> **Provided information**
----
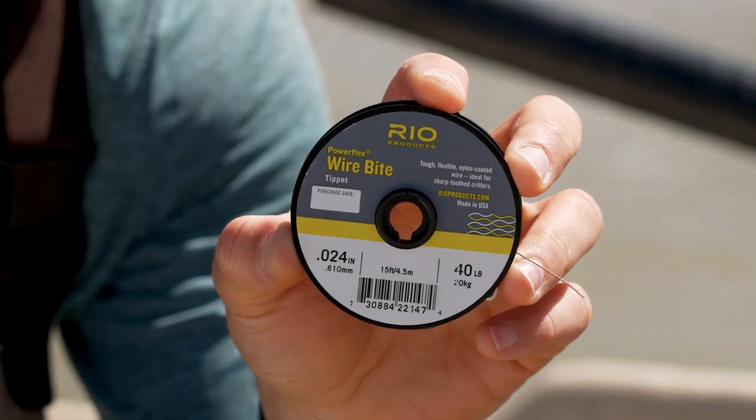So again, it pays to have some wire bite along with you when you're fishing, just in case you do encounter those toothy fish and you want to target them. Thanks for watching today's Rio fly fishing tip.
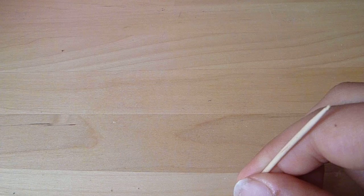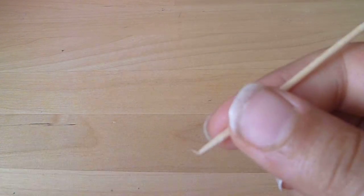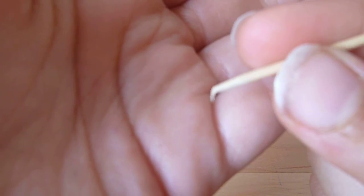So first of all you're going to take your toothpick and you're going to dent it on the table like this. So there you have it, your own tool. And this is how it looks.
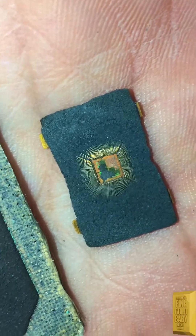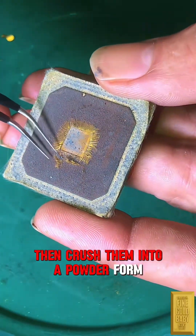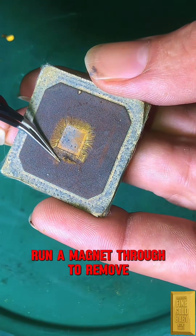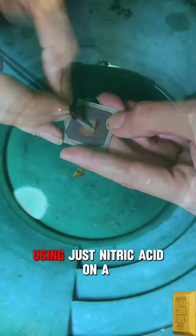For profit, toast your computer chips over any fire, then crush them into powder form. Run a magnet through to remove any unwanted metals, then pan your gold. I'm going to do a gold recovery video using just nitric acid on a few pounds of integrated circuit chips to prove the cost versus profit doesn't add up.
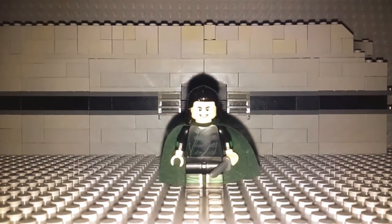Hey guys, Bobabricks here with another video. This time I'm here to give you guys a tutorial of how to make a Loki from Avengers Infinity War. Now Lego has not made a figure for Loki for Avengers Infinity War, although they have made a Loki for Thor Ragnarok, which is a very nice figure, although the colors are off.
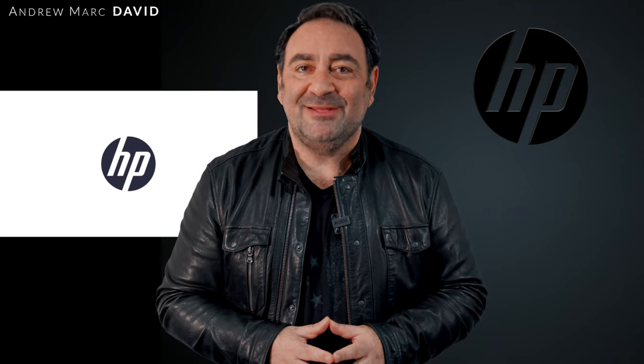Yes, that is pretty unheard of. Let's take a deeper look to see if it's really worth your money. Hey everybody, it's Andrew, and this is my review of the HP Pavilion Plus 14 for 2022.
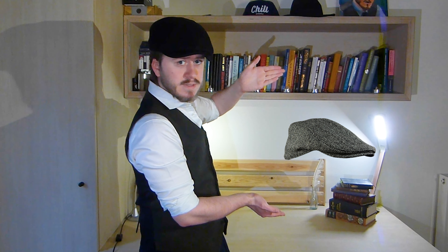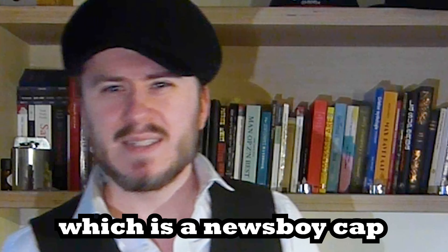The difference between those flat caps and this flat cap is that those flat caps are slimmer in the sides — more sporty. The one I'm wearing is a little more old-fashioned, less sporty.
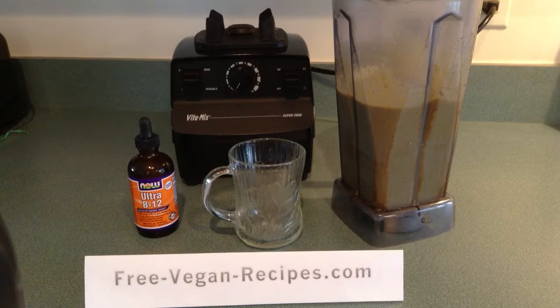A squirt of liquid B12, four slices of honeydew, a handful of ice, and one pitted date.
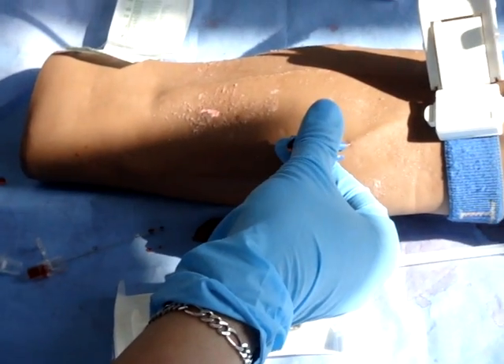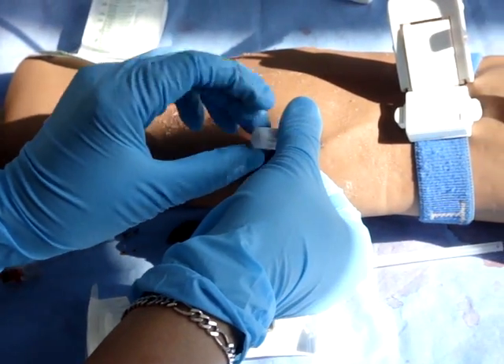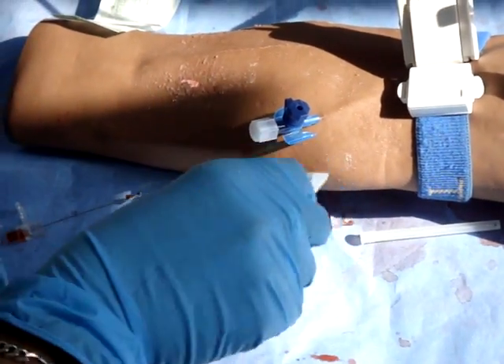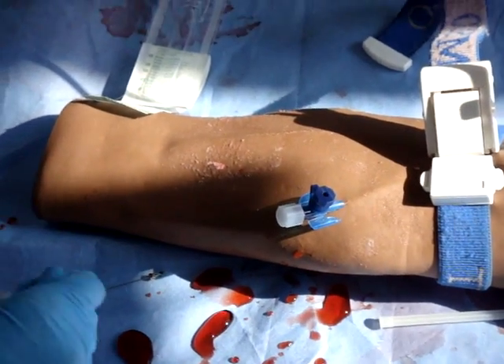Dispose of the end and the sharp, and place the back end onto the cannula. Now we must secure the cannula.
----
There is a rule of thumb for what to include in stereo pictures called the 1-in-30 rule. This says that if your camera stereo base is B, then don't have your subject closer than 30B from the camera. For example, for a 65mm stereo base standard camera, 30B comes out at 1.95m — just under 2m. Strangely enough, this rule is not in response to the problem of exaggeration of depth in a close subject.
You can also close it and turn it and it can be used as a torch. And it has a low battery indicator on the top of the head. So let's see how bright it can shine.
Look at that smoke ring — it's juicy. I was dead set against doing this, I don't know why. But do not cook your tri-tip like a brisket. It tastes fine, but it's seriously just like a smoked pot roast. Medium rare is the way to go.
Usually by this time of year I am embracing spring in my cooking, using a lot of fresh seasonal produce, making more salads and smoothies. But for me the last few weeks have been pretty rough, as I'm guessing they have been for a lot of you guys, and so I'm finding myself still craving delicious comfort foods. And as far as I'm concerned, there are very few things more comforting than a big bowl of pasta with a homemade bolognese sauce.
----
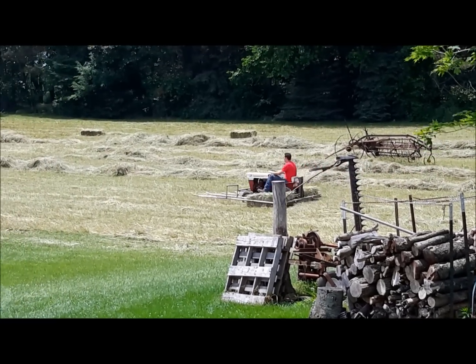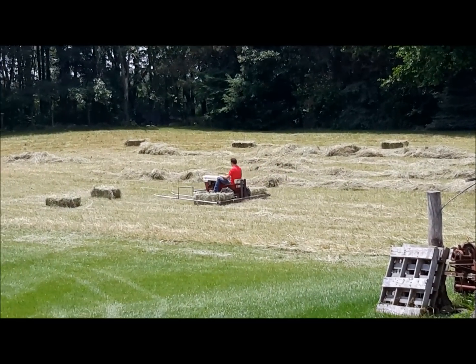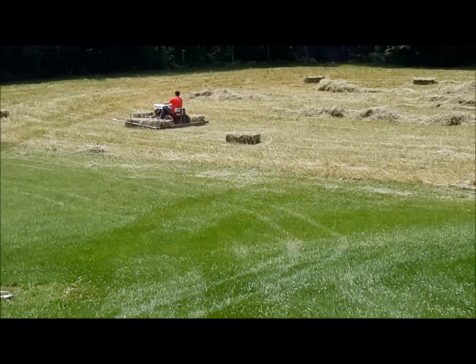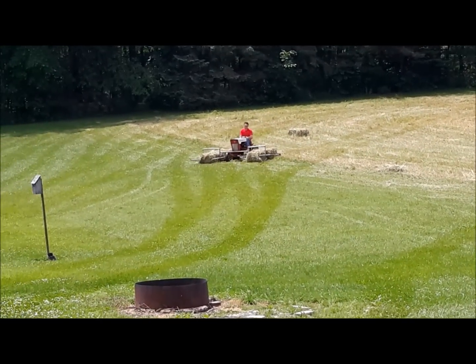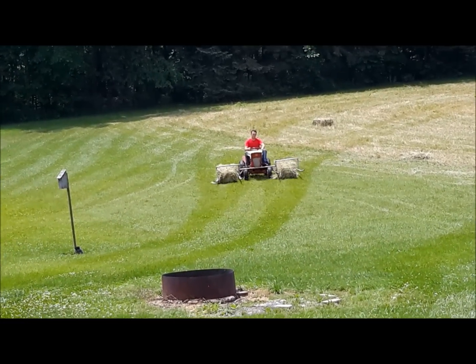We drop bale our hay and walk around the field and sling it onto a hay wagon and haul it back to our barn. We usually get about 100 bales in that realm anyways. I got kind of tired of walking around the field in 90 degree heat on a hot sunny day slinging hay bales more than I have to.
----
> **Required work**
Look through the material and copy each line that has "close".

> **Solved problem**
There is a rule of thumb for what to include in stereo pictures called the 1-in-30 rule. This says that if your camera stereo base is B, then don't have your subject closer than 30B from the camera. For example, for a 65mm stereo base standard camera, 30B comes out at 1.95m — just under 2m. Strangely enough, this rule is not in response to the problem of exaggeration of depth in a close subject.
You can also close it and turn it and it can be used as a torch. And it has a low battery indicator on the top of the head. So let's see how bright it can shine.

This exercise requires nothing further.